И я побрёл прочь, я прошёл мимо зелёного луга с коровами, далеко за мельницу, к лесу, к далёким вершинам. Гордость моя страдала, всё моё воспитание, оказывается, ровным счётом ничего не значило в глазах моей хозяйки. Я пытался себя утешить — положим, баронесса так сказала, ну и что с того, разве небо упало на землю? Ах, но как же я был несчастлив! Кроме этого моего хорошего воспитания у меня ведь ничего не было, решительно ничего. Никто не назвал бы меня привлекательным юношей при моей щуплости, и лицом я не вышел, даже напротив, всё лицо у меня было в прыщах. Оттого-то я всегда и слушался родителей, и многому научился, и порядочно преуспел в рисовании и живописи. И должен признаться, когда я выдал себя за гордого охотника, я, пожалуй, прихвастнул, я, можно сказать, приврал, ну, какой из меня охотник и странник, нет, я не Мункен Вендт, я только мечтал постранствовать с ним вместе и поучиться его великому безразличию к собственной особе.
Так я думал и шёл и шёл, пока совсем не выбился из сил. Я невольно забирался в самую гущу леса, будто спрятаться хотел, я упёрся, наконец, в заросли ивняка и решил непременно продраться сквозь них на четвереньках и потом уж спокойно перевести дух.
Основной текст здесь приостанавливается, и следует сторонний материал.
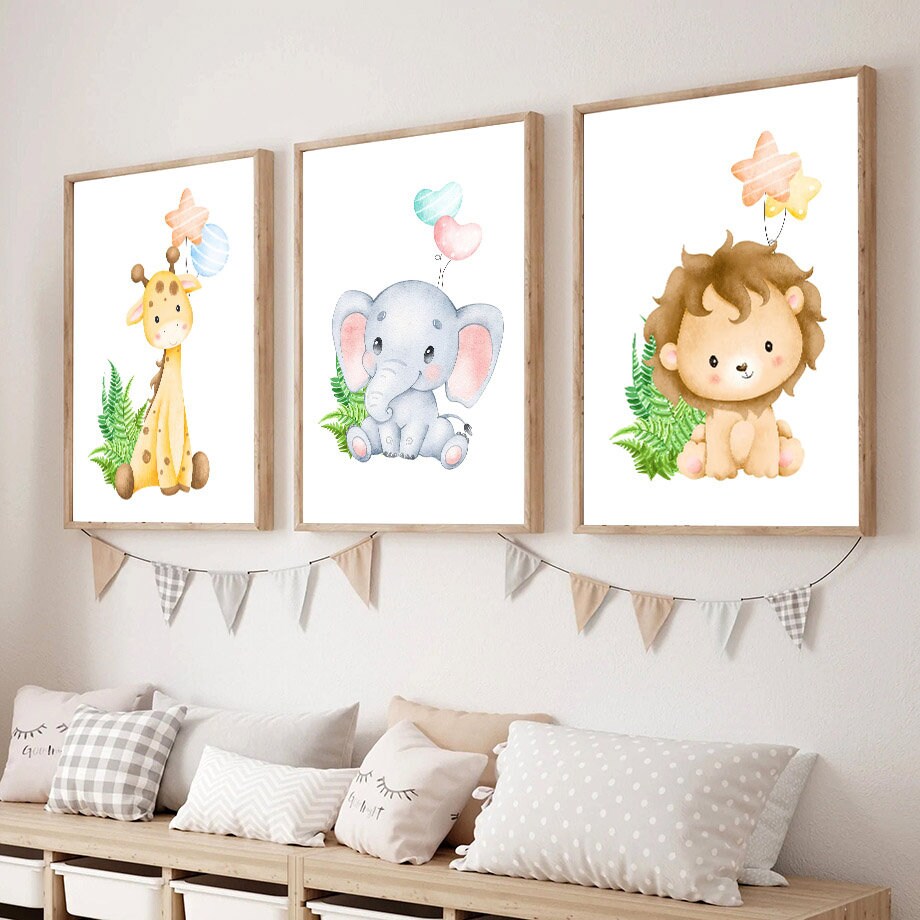 Poster Kinderzimmer Dschungel Tiere I Kinderzimmer Bilder I Wand Deko I Kunst Druck I Deko Print I ohne Rahmen-1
Меня словно что тянуло туда, да, словно сам Господь меня подталкивал, будто помощи ждал от меня, недостойного.
Я ползу как бы по узенькой тропке, протоптанной зверьем, и когда тропка кончается, маленькая круглая полянка с крохотным прудком открывается моему взгляду. В изумлении я встаю и смотрю на эту полянку, и она смотрит на меня. Никогда ещё не стаивал я на такой круглой маленькой полянке. Будто дух какой-то поселился в этой воде, а сейчас вот взлетел и унёс с собой крышу. Оторопь моя проходит, и я уже нахожу приятность в мёртвой тишине этого места, свет цедится сверху, как сквозь горло кувшина, и никто-то меня здесь не увидит, разве что с неба. Как тут хорошо! — думаю я. Прудок такой крохотный, и я присаживаюсь с ним рядом на корточки, чтобы быть тоже поменьше и его не обидеть. Тут комары, я замечаю, что каждый комарик затевает свою пляску где-то поодаль, и уж потом так подстраивает, чтобы плясать вместе со всеми. А на поверхности прудка будто лежит пенка, комарики её задевают и не мокнут, бабочки и другие летуньи бегают по ней, не оставляя следов. Прилежный паучок расположился отдохнуть в своей паутине на ветке.